第36章 妒妇(1/2)
暮色像浸了蜜糖的胭脂,缓缓晕染江都的青石板路。“梦锦天章”绸缎庄的鎏金招牌在夕照中流转着琥珀色光晕,飞檐下悬着的湘妃竹帘被晚风掀起一角,露出二楼临窗的美人榻。沈梦雨斜倚在软缎靠垫上,素手轻转缠枝莲纹的白瓷茶盏,看楼下人潮如织——戴珍珠步摇的贵妇人正围着新到的孔雀羽线绣品低声赞叹,背着竹篓的绣娘踮脚张望橱窗里的苏绣样图,就连赤足追闹的孩童,也被门廊下悬着的茉莉香囊勾住了脚步。
茶雾袅袅升腾,在她眼前织就朦胧的纱。檐角铜铃突然叮咚作响,惊散了她飘远的思绪。沈梦雨望着远处天际的火烧云,忽然想起刚接手绸缎庄那日,满柜积压的素色粗布堆得比人还高。那些彻夜不眠的夜晚,她伏在案头绘制新纹样,银针在指尖扎出细密血珠。如今江南百间绸缎庄星罗棋布,从苏杭的锦绣坊到金陵的云锦阁,每间店铺的梁柱雕花、每季新品的配色方案,皆是她亲手打磨的心血。
“在想什么?这般出神。
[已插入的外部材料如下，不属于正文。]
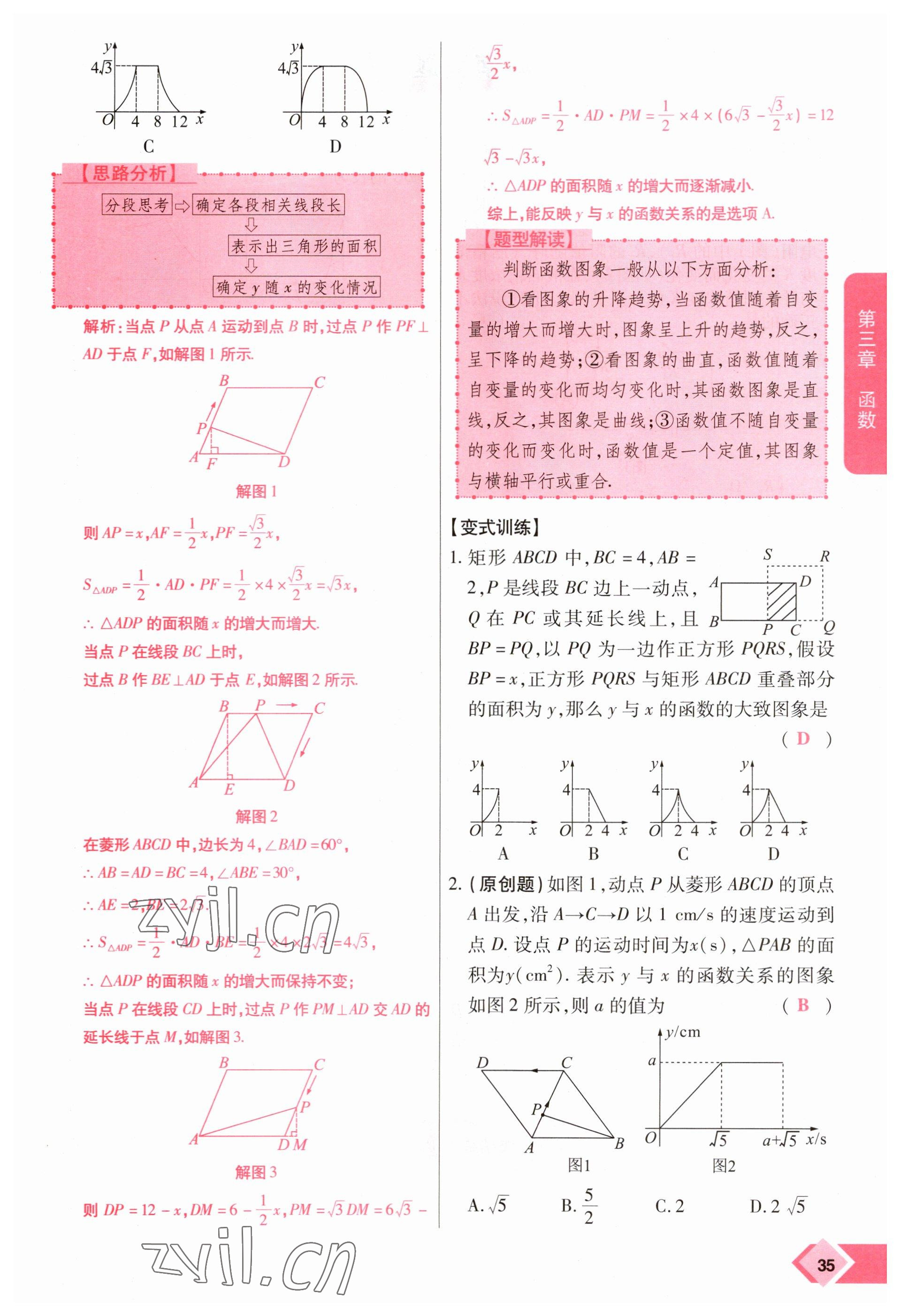 2023年新思路鄭州大學出版社數學河南專版 參考答案第35頁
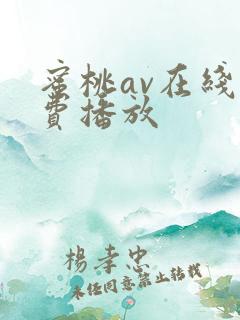 蜜桃av在线免费播放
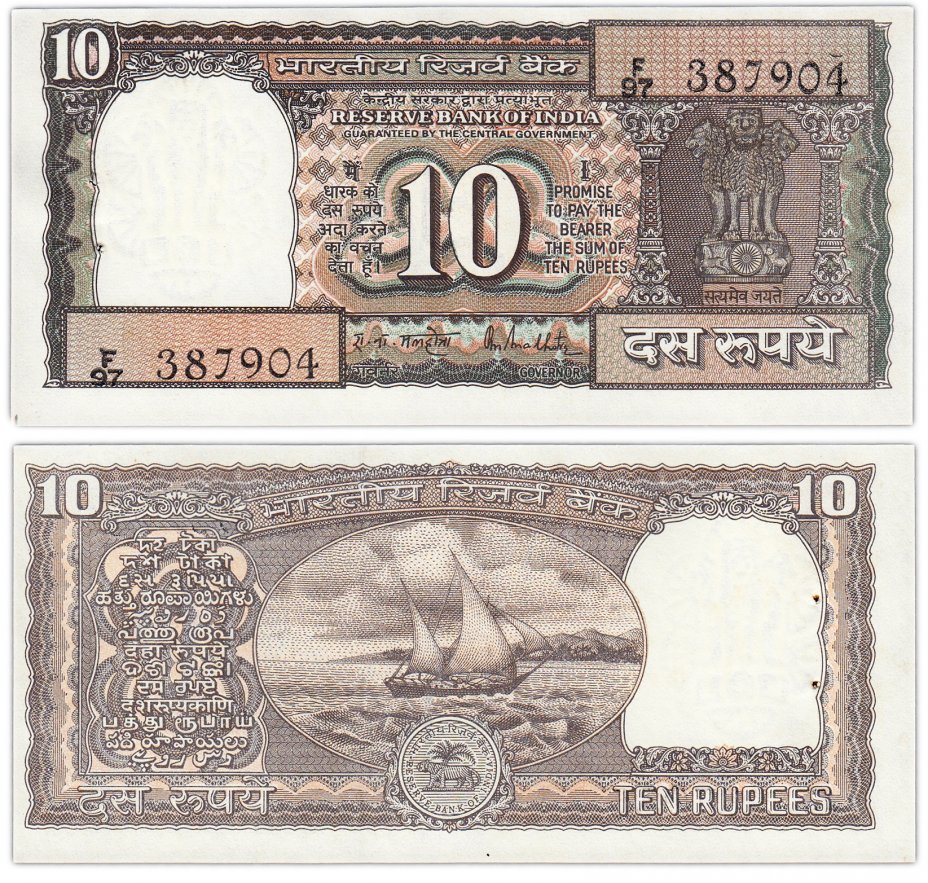 купить Индия 10 рупий 1985-1990 (Pick 60Aa)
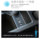 Автомобильный аудиоприемник Bluetooth hands-free Bluetooth stick Bluetooth-адаптер mini 3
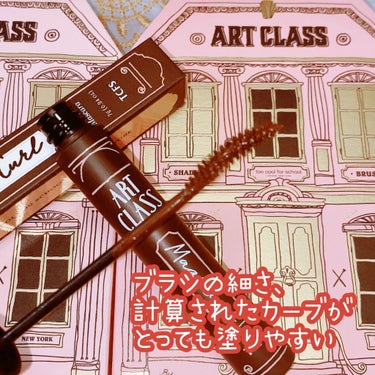 too cool for school マジカルフィックシングマスカラのクチコミ「too cool for school
ARTCLASS Magicurl Fixing Ma.....」（2枚目）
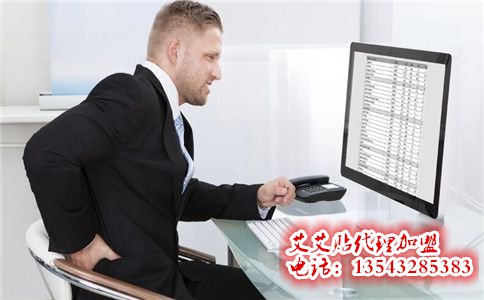 用艾艾贴如何调理坐骨神经痛?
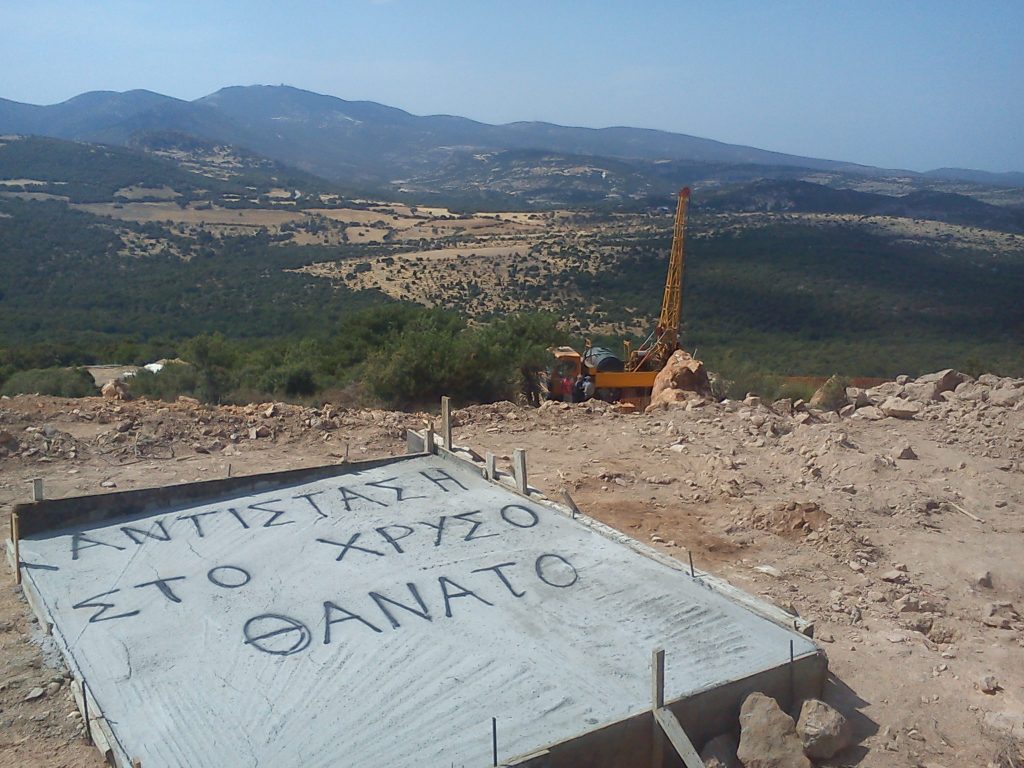 Νόμιμα τα έργα στις Σκουριές, λέει το ΣτΕ - Media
”带着雪松香气的男声从身后传来。沈梦雨回头,见萧景琰负手立在雕花门前,玄色锦袍上暗绣的云纹随着步伐若隐若现,腰间螭纹玉佩相撞,发出清越声响。她唇角弯起月牙,鬓边茉莉随动作轻颤:“在算着,这月又能多开几家义学堂。”说着推开檀木匣,纤长手指划过账本上密密麻麻的红批,“上个月绸缎庄盈利颇丰,足够再招收三百名学童。”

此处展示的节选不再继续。